Recently, one. Who decided once the job was done that they’d self-host. The finale invoice was already in and paid. I told them it was going to be another two weeks for the changes to be made to convert the site to self-hosted and said I’d send the invoice for the up-charge by return (wasn’t a lot, less than £200).

They strung it all out for about a month, making all sorts of daft claims and all sorts of dafter threats. In the end they paid up and got their zip file. As yet the site has never seen the light of day, no idea why, I never heard from them again.

Actually, I had another over Christmas. A rush job for a lovely bloke heading to the US to pitch for a job, he needed a site up pronto and long story short it was just going to be easier for him to fire it up to his existing server. I built it for him in a few hours and sent it over with an invoice telling him I trust him to pay up as soon as he was back (he was literally getting on a plane that afternoon and planned to publish it at the airport! The invoice was for £300, he sent me £500 and a note saying Merry Christmas! Last month he sent the site back to me for me to expand and host as he got the gig, so sometimes there is a good reason to allow self-hosting, but rarely.

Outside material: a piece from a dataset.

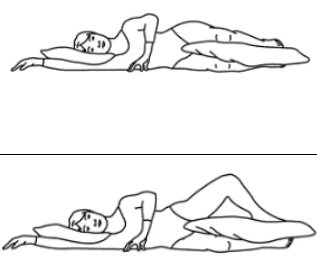 Person lay on mat on floor on their side. Head supported with lower arm a pillow between slightly bent knees.  Operated leg is shown rotated toward the ceiling.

Obviously I make a bit of money if they host on my server, but I wouldn’t mind too much if they were going to a reputable host using cPanel. In this case though it’s a complete unknown and I can guarantee they’ll come back to me in a month or 12 when everything is running dog slow or emails are not coming through and blame it on the site.

Since GDPR kicked in, obtaining technical support for clients has become that much trickier as well, so for all these reasons I need to convince clients to use my own hosting and why it’s worth paying a bit more than the bargain basement brigade.

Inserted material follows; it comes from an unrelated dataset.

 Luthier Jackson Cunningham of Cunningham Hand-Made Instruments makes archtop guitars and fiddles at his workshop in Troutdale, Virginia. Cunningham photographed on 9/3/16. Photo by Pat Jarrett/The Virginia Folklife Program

What I find shocking though is that people want to set up a business where their primary means of marketing will be a website, yet they think it’s a good idea entrusting that to £1 a month web hosting.

Similar analogy in my last business, selling bikes. Regularly people would spent £2k on a commuter bike, but max out at £20 on the lock which was going to lock it to a lamp post outside their work.

Stupid people everywhere.

Looks like the web hosting advisory service worked and they’ll be hosting with me. It’s a training centre, where they will typically be making around £600+ a day, so it made no sense whatsoever entrusting that to such low end hosting.

Result.

@ashleykaryl Well done. To mimic @steveb advice, work smart. Sounds like you took it on board.

I used to work in financial services and for the last 3 or 4 years of it we were drilled into changing our long engrained work ethic, to stop chasing initial commissions and lure clients in on no commission but hefty annual management fees. Basically playing the long game.

Obviously not as sinister in web design.

It takes a while but when you wake up on January 1 knowing you’ve already paid the years bills with the recurrent income you’ve accumulated from all your clients really takes the stress away from the job.

I agree completely. Actually, I would say the smaller jobs are often not worth doing unless you can tie it to something like this with ongoing income.

A few months ago I realised this wasn’t making sense from a business perspective and web hosting obviously helps. I am in the process of rebuilding my main site, which is no small challenge given the plans I have in mind, but I’ll also be opening the doors to website maintenance packages.